Captioned web images:
---

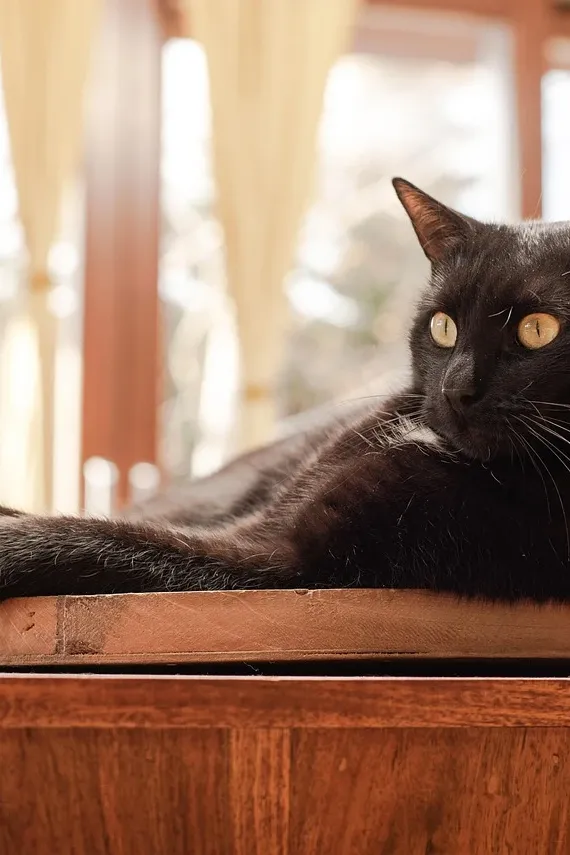 black unicorn fur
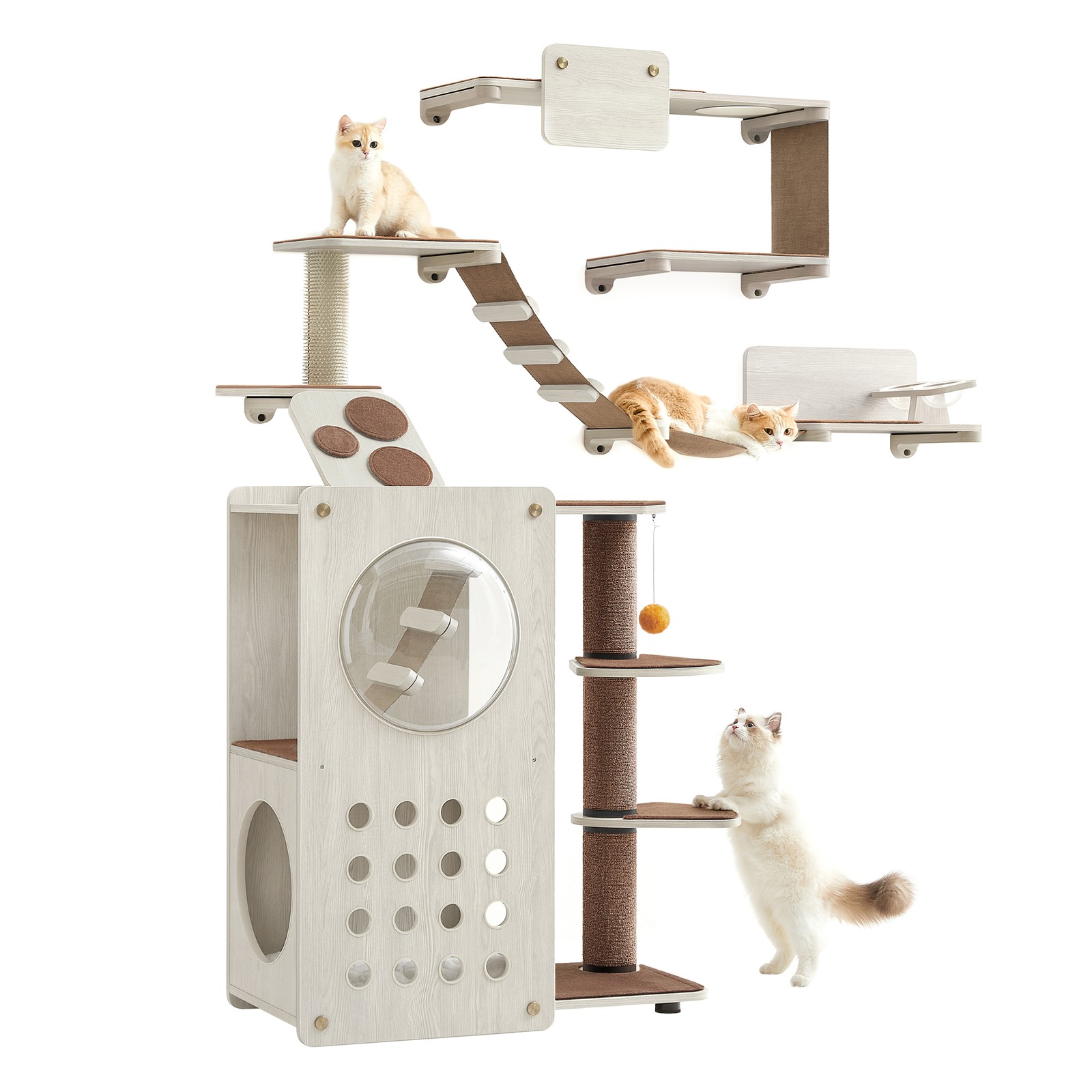 Kačių baldų laipiojimo sienelės rinkinys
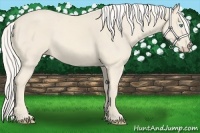 Horse Color:Cremello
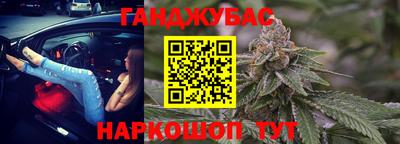 сатива Кингисепп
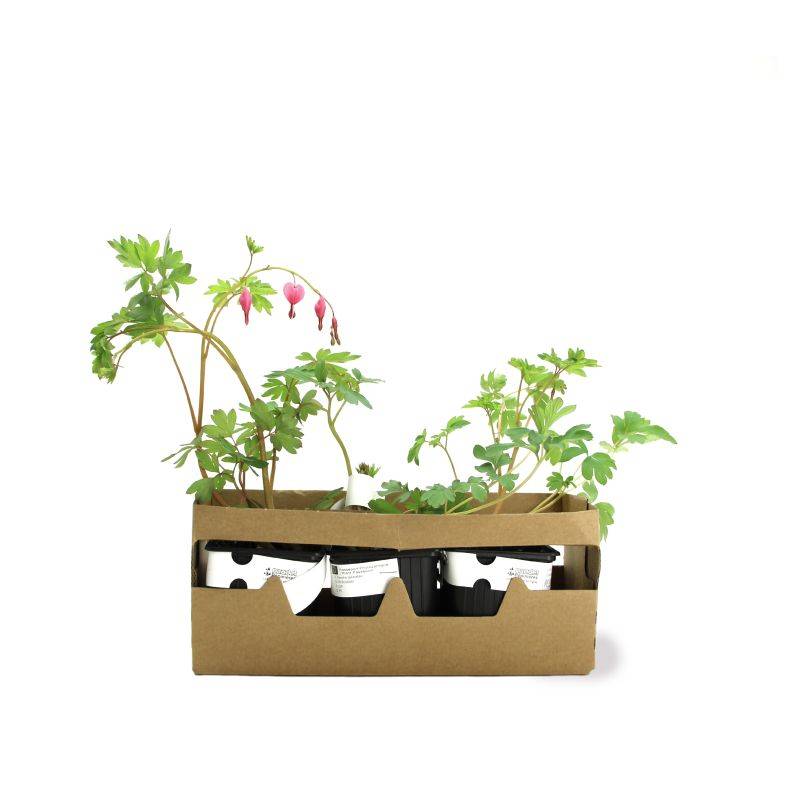3 Cœurs de Marie Rose (Dicentra Spectabilis) - Lot de 3 vivaces - Pépinières Naudet - Image 4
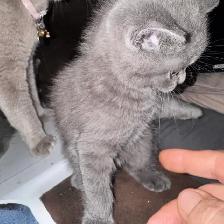 Scottish fold Siamese boys 2 left - Photo 6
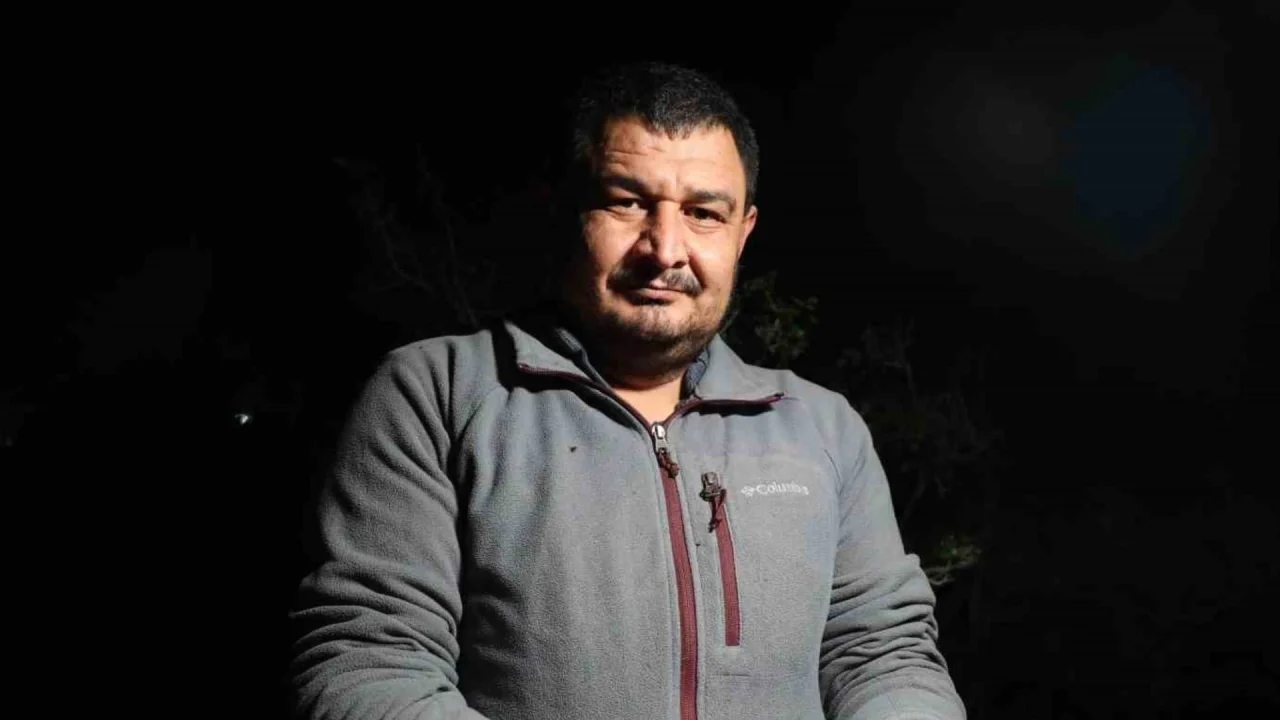 Gece dağlara çıkıp fenerlerle arıyorlar: Kilosu 35 liradan kapış kapış gidiyor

---

Print out each record exactly as shown, but keep the pictures out.

## Result of this task
 black unicorn fur
 Kačių baldų laipiojimo sienelės rinkinys
 Horse Color:Cremello
 сатива Кингисепп
3 Cœurs de Marie Rose (Dicentra Spectabilis) - Lot de 3 vivaces - Pépinières Naudet - Image 4
 Scottish fold Siamese boys 2 left - Photo 6
 Gece dağlara çıkıp fenerlerle arıyorlar: Kilosu 35 liradan kapış kapış gidiyor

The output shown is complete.